Segment Open

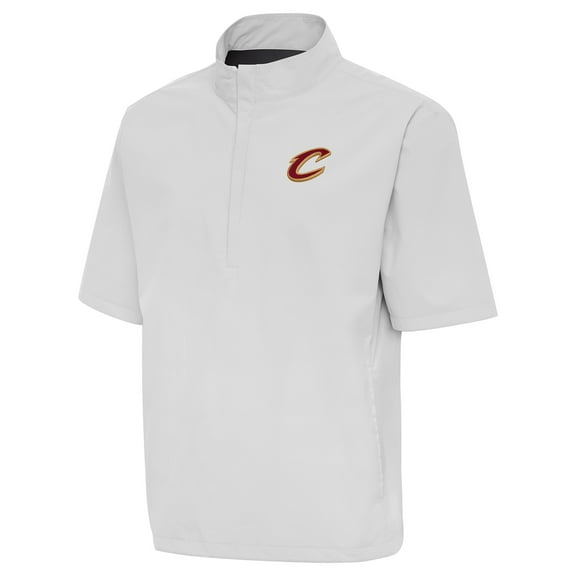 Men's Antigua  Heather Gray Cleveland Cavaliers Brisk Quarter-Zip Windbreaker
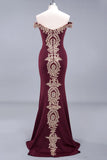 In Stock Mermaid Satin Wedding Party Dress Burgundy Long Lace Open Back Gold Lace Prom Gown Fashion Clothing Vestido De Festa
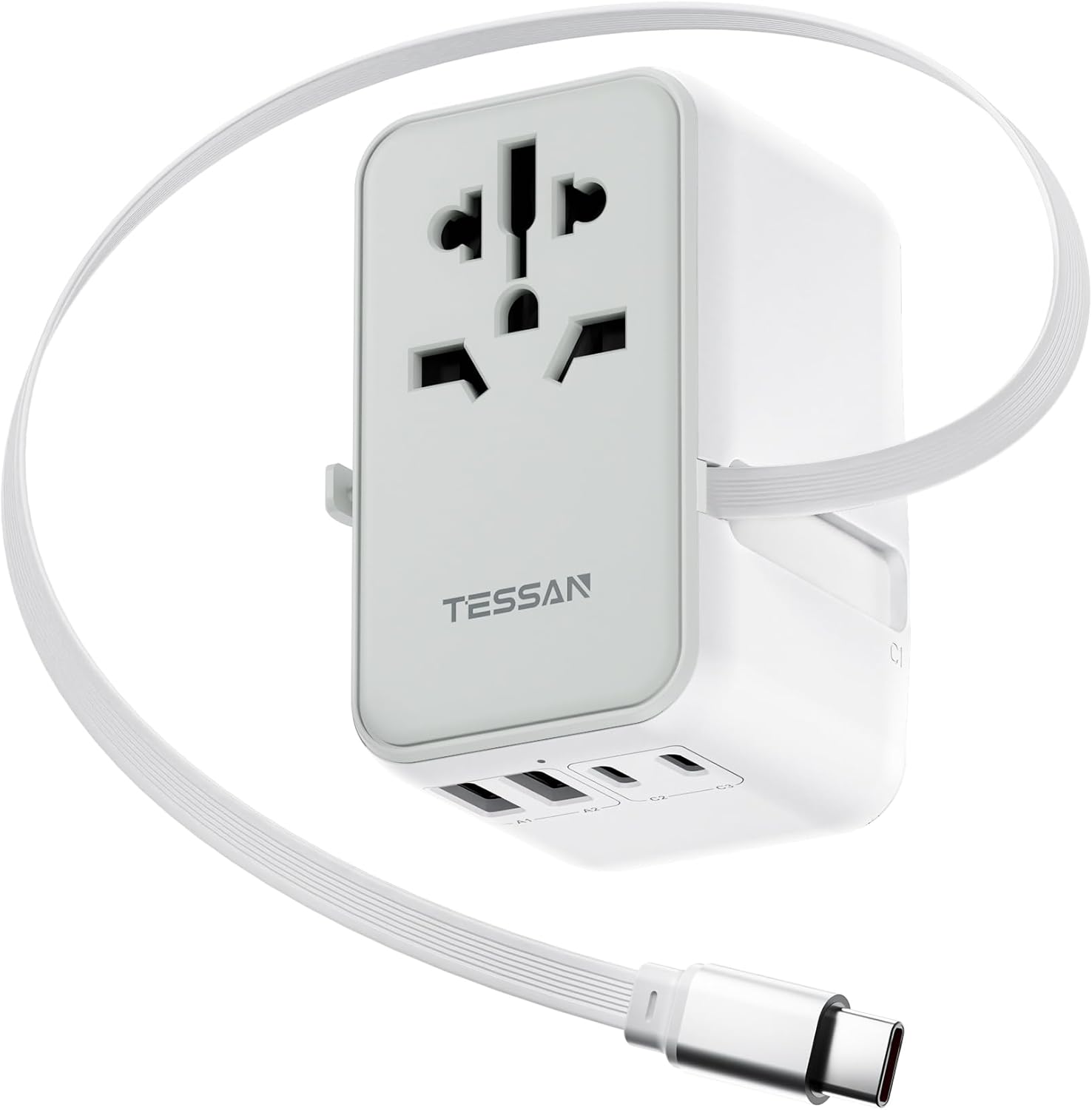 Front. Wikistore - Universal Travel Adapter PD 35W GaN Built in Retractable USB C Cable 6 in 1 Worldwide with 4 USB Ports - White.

Segment Closed

**TASK BRIEF**
Repeat all the data as it stands, dropping any images it holds.

**SOLUTION**
 Men's Antigua  Heather Gray Cleveland Cavaliers Brisk Quarter-Zip Windbreaker
 In Stock Mermaid Satin Wedding Party Dress Burgundy Long Lace Open Back Gold Lace Prom Gown Fashion Clothing Vestido De Festa
 Front. Wikistore - Universal Travel Adapter PD 35W GaN Built in Retractable USB C Cable 6 in 1 Worldwide with 4 USB Ports - White.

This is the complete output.